-- Task to complete --
Exact copy, no pictures: return only the lines below from the line with "covid19 particles in stop signal icon" up to and including the line with "Sunnydaze European Chestnut".

-- Records for this task --
★ ★ ★ ★ ★

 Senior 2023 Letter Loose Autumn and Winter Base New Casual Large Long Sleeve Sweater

★ ★ ★ ★ ★

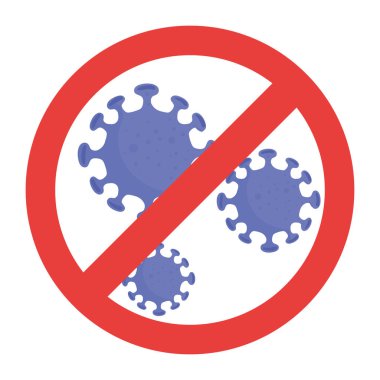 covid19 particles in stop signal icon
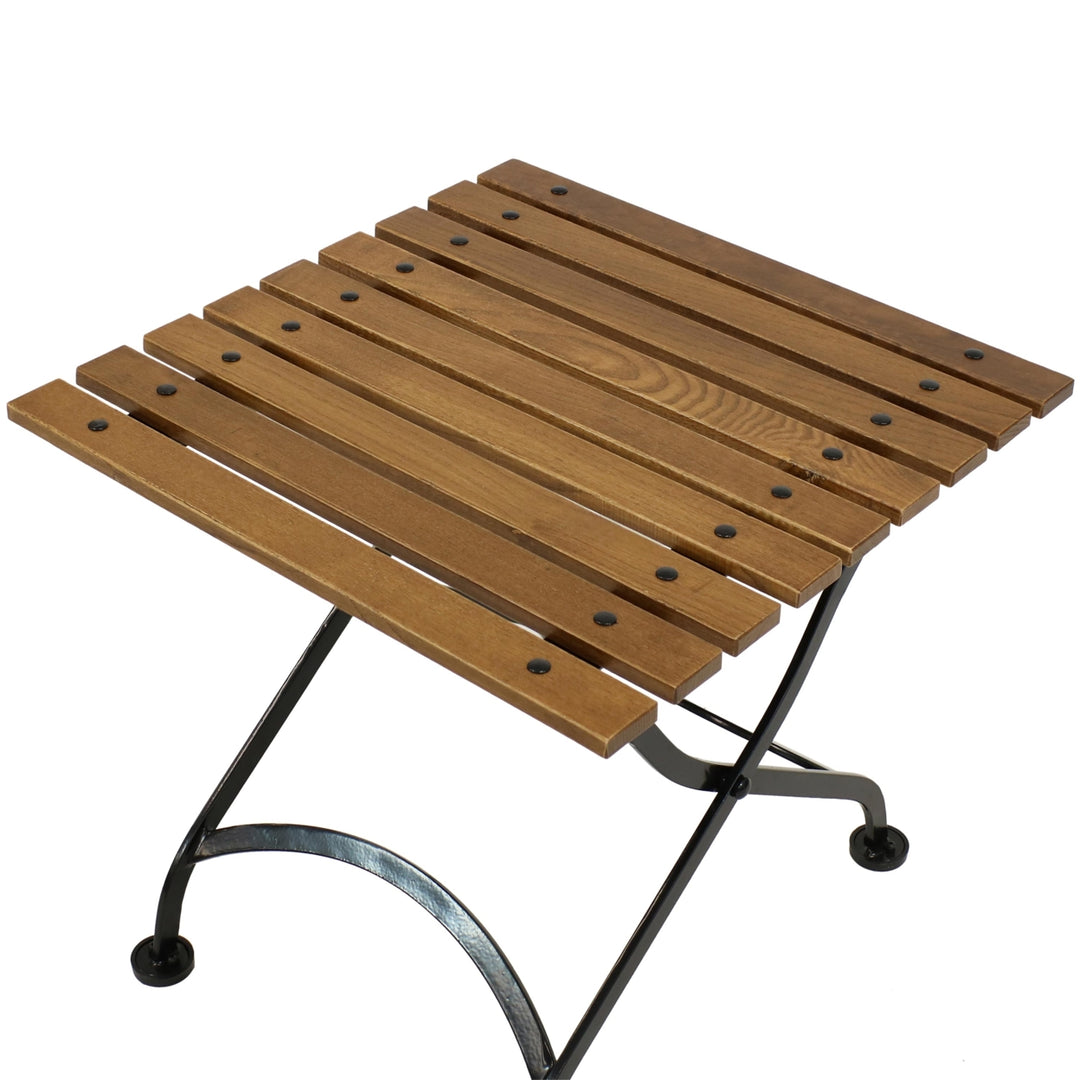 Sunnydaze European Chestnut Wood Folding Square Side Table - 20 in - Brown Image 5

★ ★ ★ ★ ★

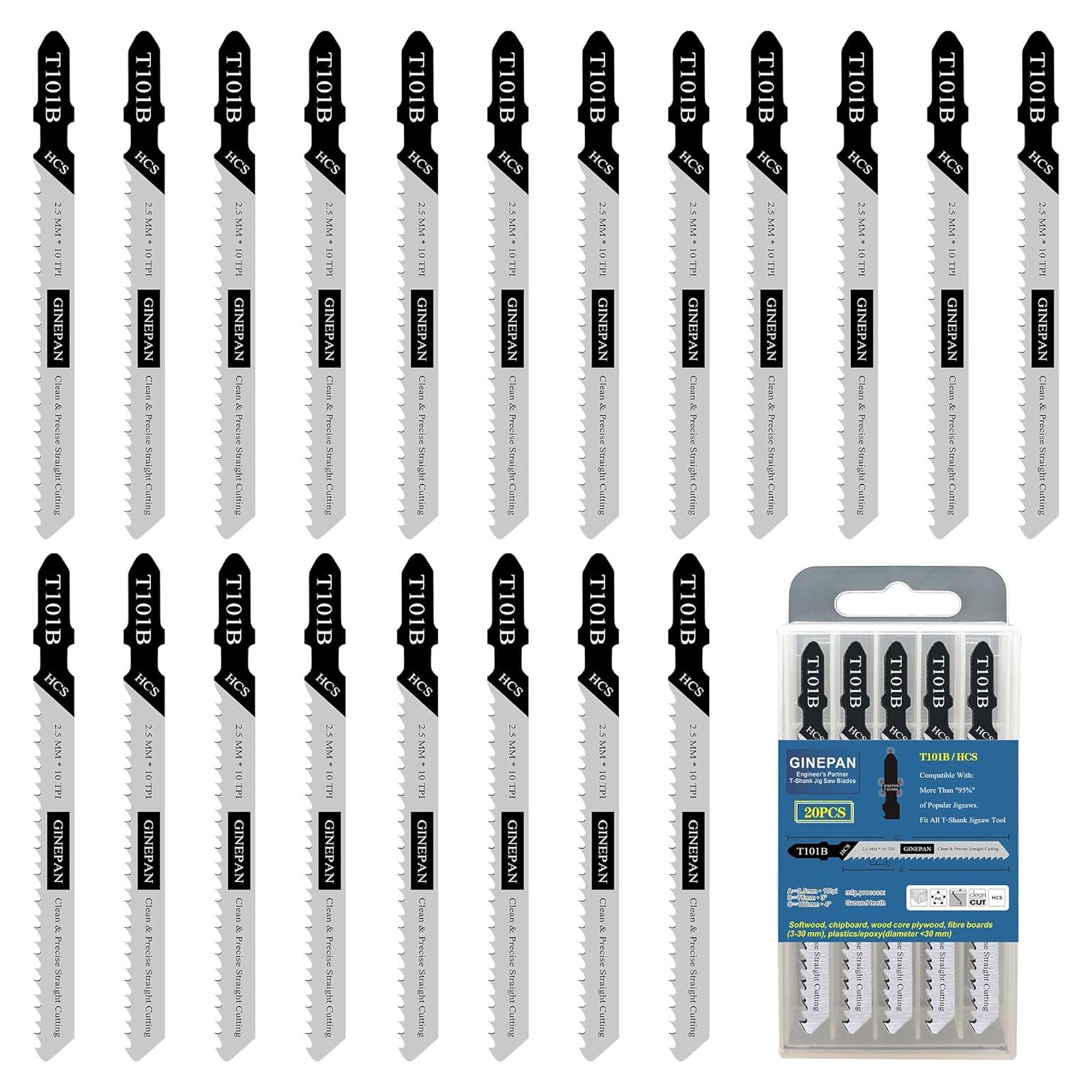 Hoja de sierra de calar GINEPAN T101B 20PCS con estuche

★ ★ ★ ★ ★

-- Task answer --
 covid19 particles in stop signal icon
 Sunnydaze European Chestnut Wood Folding Square Side Table - 20 in - Brown Image 5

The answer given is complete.